The truth is that healthy relationships can only occur between people who are choosing to show up as adults. Showing up as an adult means being responsible for your own behavior, and your own growth. A healthy relationship (business or personal) means both people willingly take care of their side of the relationship.
If a person is not doing this, that is their choice, and there is nothing you can do about it. It is not up to you. You can’t change it, and you can’t fix it.
They are freely choosing to act the way they act. And like it or not, your choice is to change the relationship and get free, or to stick with it and be miserable. If someone is not demonstrating responsibility, then negotiating and working on it is impossible, because you cannot trust them to show up in that.
This attitude may seem harsh, or mean, or like you are “giving up on them”. But all you are saying is the truth: “This doesn’t work for me”. You don’t have to blame them or be vindictive or angry (although feeling your anger internally is healthy).
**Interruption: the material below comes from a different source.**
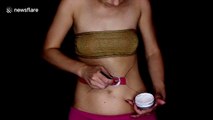 Makeup artist tightens up belt around her stomach in bodypainting illusion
What you are doing is making decisions that are in integrity with who you are and what is best for your business.
You are also accepting the person where they are at. Ultimately trying to change someone, even “for their own good”, is a violent act.
Here are some steps:
- Decide to be honest with yourself. Accept the situation as it is.
- Grieve the loss. This person or relationship was something you wanted to work out. It would have been good if it had worked. All the potential, the promise, the hope needs to be grieved. Also, any time you put into trying to change things to no avail needs to be grieved and let go of. Sometimes people hang on even though they know it won’t work because they don’t want to feel the disappointment. There is always a grieving period when you thought you could count on someone, when you trusted and engaged in a relationship from a genuine place, and were not met. It’s hard. But choosing to feel it is choosing to heal it.
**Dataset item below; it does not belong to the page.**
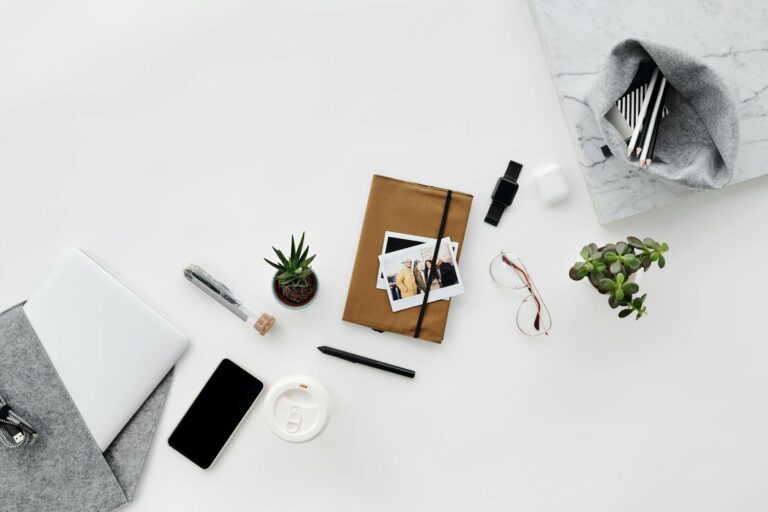 Top view of a stylish and minimalist workspace featuring office supplies and gadgets in an aesthetic layout.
- Make a clear decision and stick by it. This can be hard, especially if you have responded with threats in the past and then not followed through on them. Get support if you need it.
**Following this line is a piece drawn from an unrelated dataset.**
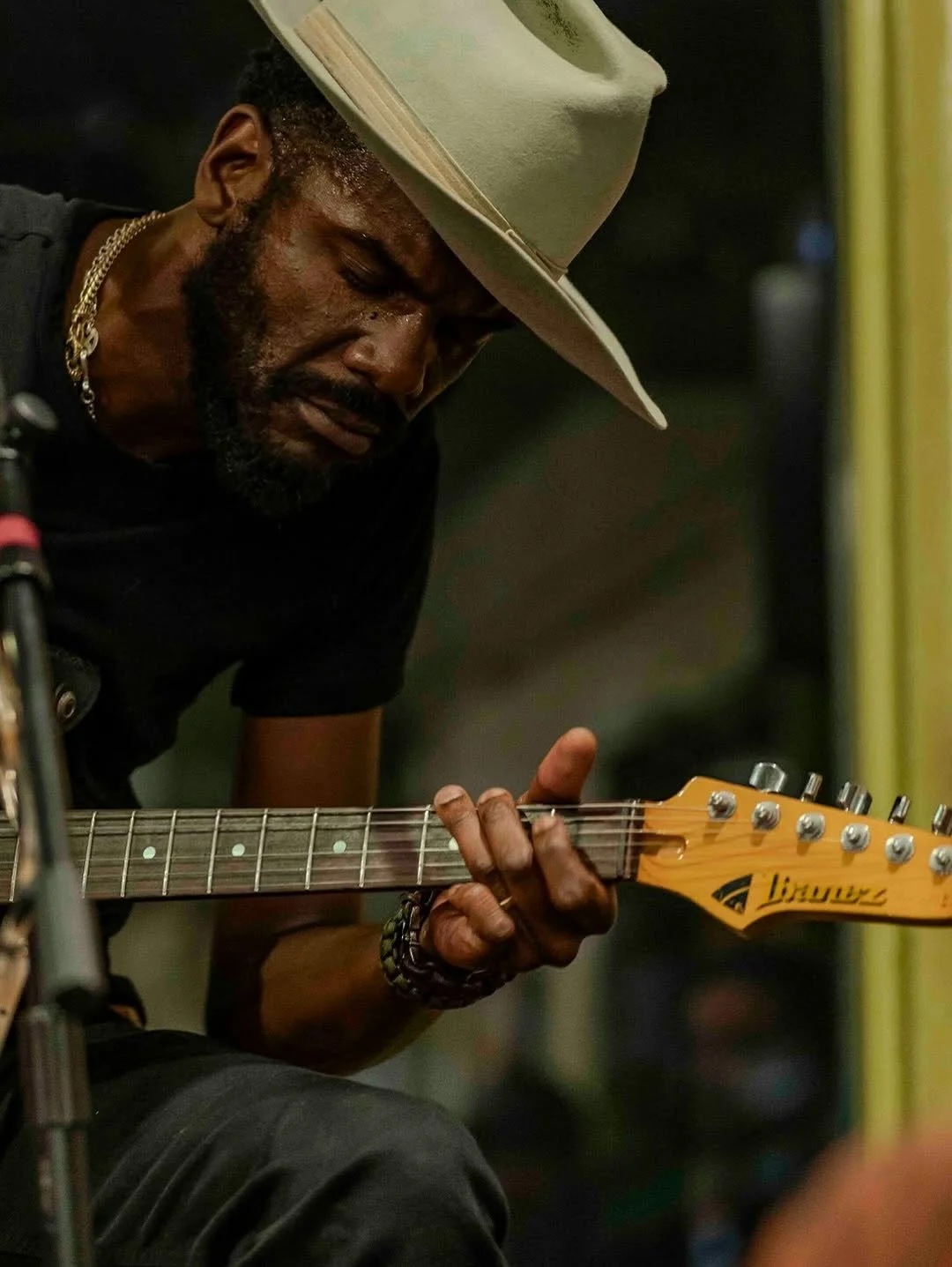 A man wearing a wide-brimmed hat and a gold chain necklace playing an acoustic guitar.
- Open up the space for a mutually responsible and reciprocal relationship to enter the picture.
- Be cautious and discerning when starting new business relationships.
There is a light at the end of the tunnel.
Having been through experiences like this, you learn. You see that your time and your life matters, and who you spend it with matters. Your business is doing good in the world, and that good won’t get done if the people within it aren’t showing up fully.
The opportunity is to get very clear that you want people in your life that can meet you and who are showing up as responsible.
When you can be that clear, and just let go of the situations and people in your life that are draining because they just don’t change, you are expanding your playing field. New people will enter, people who also want to play at that level. And that is where you want to be.
Pamela Hazelton says
As the author of the article you reference in your post, I want to say that you really did hit the nail on the head of what it means to be in a legitimate relationship.
More installments are up, and I think you’ll find that the learning process has made me a stronger person, unwilling to ignore any other so-called relationships (business or personal) in my life. I have, at this point, accepted my own mistakes and have moved forward.